Uma no cravo e outra na ferradura, já dizia o ditado. Ao falar sobre a situação fiscal brasileira na divulgação do Monitor Fiscal do Fundo Monetário Internacional (FMI), o diretor de Assuntos Fiscais da instituição, Vítor Gaspar, destacou o papel dos juros no desempenho fortemente negativo do déficit nominal: “É um peso extremamente elevado”.
Gaspar não entrou no mérito da política monetária ao citar a carga pesada dos juros. Ao contrário, com tom suave, fez coro ao que tem sido cobrado pelo Banco Central e pelos mercados: um reforço no ajuste fiscal para ajudar a acelerar uma trajetória de queda da dívida pública — que, nos dados atuais, o Fundo projeta se estabilizar a longo prazo em torno de 98% do PIB.

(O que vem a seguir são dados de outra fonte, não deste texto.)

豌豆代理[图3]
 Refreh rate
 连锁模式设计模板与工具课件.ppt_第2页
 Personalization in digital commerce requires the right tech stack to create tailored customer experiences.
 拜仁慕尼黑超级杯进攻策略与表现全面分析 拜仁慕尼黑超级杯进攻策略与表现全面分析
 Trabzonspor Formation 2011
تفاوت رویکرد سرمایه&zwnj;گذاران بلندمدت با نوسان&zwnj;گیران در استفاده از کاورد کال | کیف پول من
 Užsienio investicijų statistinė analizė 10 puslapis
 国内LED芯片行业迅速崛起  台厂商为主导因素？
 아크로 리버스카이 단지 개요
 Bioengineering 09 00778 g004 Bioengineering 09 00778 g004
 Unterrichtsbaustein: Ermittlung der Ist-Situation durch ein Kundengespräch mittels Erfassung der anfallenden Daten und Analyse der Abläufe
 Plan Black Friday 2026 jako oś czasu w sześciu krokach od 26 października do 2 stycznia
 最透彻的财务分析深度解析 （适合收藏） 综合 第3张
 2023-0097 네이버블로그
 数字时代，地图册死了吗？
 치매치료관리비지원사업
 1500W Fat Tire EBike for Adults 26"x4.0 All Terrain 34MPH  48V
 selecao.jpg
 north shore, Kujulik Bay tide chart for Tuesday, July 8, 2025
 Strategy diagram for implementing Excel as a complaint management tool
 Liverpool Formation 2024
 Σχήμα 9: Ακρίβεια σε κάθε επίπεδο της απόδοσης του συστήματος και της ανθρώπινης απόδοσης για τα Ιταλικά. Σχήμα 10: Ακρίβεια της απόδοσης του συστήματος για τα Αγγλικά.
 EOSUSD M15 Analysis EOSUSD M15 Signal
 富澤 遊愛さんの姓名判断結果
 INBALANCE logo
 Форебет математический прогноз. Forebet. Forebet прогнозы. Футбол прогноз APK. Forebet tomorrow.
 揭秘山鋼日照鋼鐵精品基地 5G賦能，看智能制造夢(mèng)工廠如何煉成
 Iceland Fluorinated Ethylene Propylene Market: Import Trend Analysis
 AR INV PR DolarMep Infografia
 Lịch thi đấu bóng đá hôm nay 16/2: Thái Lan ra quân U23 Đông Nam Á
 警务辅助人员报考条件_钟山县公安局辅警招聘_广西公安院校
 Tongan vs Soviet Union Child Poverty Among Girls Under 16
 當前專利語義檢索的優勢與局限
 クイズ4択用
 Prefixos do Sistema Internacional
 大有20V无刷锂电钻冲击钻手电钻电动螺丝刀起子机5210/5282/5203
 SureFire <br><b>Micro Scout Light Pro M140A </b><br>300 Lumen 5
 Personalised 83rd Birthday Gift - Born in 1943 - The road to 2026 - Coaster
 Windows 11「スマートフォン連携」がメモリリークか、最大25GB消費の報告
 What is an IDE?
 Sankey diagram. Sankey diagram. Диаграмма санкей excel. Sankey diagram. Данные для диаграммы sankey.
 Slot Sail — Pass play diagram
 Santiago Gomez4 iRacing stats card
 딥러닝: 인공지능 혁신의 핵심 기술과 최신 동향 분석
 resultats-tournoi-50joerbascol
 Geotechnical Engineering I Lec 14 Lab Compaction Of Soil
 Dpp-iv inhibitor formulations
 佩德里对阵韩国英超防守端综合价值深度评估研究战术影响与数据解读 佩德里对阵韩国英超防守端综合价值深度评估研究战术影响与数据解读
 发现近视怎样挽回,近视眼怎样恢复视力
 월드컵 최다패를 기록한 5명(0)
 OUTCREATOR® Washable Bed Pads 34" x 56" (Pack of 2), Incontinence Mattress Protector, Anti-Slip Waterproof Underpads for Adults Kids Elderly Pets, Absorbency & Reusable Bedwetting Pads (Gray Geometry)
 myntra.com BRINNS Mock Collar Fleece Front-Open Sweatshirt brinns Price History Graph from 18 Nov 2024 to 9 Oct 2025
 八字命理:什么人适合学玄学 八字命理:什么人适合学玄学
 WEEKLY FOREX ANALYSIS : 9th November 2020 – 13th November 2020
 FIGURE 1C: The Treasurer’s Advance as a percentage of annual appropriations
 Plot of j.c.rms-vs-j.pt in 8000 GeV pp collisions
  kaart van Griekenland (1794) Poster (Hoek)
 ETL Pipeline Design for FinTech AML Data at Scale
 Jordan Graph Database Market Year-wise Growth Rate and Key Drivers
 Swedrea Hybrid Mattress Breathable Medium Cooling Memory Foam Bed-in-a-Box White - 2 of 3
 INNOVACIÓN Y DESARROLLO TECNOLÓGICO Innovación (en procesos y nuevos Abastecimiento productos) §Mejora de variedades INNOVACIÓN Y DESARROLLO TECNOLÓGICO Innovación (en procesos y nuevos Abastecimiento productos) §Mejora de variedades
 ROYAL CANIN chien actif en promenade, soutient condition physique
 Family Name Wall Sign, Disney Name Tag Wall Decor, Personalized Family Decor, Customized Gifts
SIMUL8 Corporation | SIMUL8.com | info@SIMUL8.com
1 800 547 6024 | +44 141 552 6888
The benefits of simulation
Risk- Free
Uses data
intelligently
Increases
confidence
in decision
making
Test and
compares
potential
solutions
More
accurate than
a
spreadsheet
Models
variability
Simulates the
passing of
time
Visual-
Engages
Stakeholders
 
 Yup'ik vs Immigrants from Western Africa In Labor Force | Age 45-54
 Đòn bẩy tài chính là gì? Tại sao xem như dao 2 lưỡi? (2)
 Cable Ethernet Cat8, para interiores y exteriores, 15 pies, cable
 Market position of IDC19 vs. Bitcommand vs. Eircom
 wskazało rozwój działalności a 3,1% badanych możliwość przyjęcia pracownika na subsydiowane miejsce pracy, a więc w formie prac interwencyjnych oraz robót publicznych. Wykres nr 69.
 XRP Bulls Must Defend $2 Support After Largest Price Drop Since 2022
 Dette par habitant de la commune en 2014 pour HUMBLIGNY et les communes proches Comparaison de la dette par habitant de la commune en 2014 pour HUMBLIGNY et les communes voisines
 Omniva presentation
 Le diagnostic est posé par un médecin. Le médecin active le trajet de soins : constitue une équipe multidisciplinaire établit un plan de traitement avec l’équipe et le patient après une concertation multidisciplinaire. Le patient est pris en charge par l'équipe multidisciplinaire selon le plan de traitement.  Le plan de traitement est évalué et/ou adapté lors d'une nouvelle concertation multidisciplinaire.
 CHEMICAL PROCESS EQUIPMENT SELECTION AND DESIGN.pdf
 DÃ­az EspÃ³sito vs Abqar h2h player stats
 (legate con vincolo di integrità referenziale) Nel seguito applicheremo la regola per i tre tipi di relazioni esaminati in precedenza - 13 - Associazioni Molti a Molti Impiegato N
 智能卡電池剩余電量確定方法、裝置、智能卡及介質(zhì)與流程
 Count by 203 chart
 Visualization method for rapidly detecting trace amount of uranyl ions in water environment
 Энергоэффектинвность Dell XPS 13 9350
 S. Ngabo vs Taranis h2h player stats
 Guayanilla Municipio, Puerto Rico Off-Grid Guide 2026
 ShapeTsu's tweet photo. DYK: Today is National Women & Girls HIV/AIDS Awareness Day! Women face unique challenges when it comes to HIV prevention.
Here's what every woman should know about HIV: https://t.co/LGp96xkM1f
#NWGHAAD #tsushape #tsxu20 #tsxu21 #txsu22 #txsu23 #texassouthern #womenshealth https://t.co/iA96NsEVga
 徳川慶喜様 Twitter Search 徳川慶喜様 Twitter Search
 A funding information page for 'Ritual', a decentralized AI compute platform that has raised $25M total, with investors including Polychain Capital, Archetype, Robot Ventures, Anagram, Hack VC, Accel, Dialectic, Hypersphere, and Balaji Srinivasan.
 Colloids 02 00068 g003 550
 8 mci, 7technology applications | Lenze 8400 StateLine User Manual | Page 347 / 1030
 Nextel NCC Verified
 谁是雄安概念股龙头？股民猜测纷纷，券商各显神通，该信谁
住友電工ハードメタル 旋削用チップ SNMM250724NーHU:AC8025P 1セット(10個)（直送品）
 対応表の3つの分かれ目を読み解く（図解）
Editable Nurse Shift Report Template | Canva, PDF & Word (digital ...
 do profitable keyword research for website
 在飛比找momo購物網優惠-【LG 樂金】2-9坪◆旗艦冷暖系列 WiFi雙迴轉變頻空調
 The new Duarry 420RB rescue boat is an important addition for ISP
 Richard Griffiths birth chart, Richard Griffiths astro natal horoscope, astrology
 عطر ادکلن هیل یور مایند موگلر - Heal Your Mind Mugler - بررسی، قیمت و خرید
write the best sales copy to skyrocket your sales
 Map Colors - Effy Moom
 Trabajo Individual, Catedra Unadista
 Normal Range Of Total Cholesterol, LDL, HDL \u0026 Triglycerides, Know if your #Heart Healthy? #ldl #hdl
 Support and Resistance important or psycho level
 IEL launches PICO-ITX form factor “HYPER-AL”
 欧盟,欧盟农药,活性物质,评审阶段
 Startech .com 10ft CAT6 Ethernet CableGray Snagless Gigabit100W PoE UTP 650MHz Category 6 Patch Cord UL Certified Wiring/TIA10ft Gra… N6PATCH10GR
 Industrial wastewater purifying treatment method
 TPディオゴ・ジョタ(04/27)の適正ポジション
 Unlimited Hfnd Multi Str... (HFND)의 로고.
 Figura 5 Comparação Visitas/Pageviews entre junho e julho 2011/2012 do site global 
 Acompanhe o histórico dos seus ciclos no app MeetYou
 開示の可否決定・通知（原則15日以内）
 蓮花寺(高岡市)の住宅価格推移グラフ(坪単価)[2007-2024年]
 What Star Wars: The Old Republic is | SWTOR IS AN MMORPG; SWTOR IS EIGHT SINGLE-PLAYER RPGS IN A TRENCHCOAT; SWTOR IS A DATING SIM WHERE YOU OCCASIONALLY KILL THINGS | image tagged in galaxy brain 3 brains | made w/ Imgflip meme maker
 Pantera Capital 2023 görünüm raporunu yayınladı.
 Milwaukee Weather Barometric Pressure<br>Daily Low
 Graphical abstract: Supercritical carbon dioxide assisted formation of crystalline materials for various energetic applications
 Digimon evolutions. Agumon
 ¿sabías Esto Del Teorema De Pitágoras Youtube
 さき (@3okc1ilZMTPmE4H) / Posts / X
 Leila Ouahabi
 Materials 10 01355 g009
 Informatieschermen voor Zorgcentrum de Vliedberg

Governo não deve fazer ajuste fiscal adicional
O pedido não parece ser o caminho a ser adotado pelo governo, que se compromete a, no máximo, entregar as metas fiscais atuais, sem sinal de aperto adicional. Ao se dirigir ao FMI, o ministro da Fazenda, Fernando Haddad, deixou clara sua convicção de que o ajuste deve mirar o lado da receita, cobrando dos mais ricos e de quem não paga, para cumprir as metas estabelecidas.
Este conteúdo foi antecipado no dia 15/11 para os assinantes corporativos do JOTA PRO Poder, uma plataforma de monitoramento político com informações de bastidores que oferece mais transparência e previsibilidade para empresas. Conheça!
Os dados do FMI mostram que, de fato, é o juro que está sobrecarregando as contas. A instituição projeta déficit nominal (receita menos despesas, incluindo juros) de 8,4% do PIB para este ano e de 7,5% do PIB para o ano que vem, caindo nos anos seguintes, em um quadro de resultados primários (antes do pagamento de juros) negativos em 0,6% e 0,4% do PIB.
A taxa Selic em 15% tem sido alvo de crescentes críticas do governo, tanto em público quanto nos bastidores. Uma das mais recentes foi da ministra das Relações Institucionais, Gleisi Hoffmann, mas, um mês atrás, todo o time que divulgou o Relatório Bimestral de Execução Orçamentária pediu o início da redução dos juros.
A grande preocupação é com o risco de uma desaceleração muito forte, uma vez que a perda de vigor da economia já está fazendo a arrecadação ter surpresas negativas.
Incômodo interno, mas mensagem de unidade para fora
Apesar disso, Haddad, em sua mensagem, tentou passar imagem de unidade em torno da política monetária, destacando que a inflação ainda está alta e demanda o tratamento duro da política monetária.
Nesse sentido, o diretor de Assuntos Internacionais do Banco Central (BC), Paulo Pichetti, em evento em Washington, sinalizou que o órgão continua acreditando que a economia vai desacelerar em linha com a prescrição da política monetária, sem cair em uma recessão.
É de se esperar que esse atrito cresça enquanto o BC não der qualquer sinal de início dos cortes da Selic. Em um cenário ainda incerto com as medidas arrecadatórias, a preocupação em manter a economia em ritmo que ajude o ajuste fiscal está no centro das atenções.
Não à toa, o governo tem investido mais nas medidas parafiscais e estimulado os bancos públicos a serem mais ativos em programas como o consignado privado e o crédito imobiliário.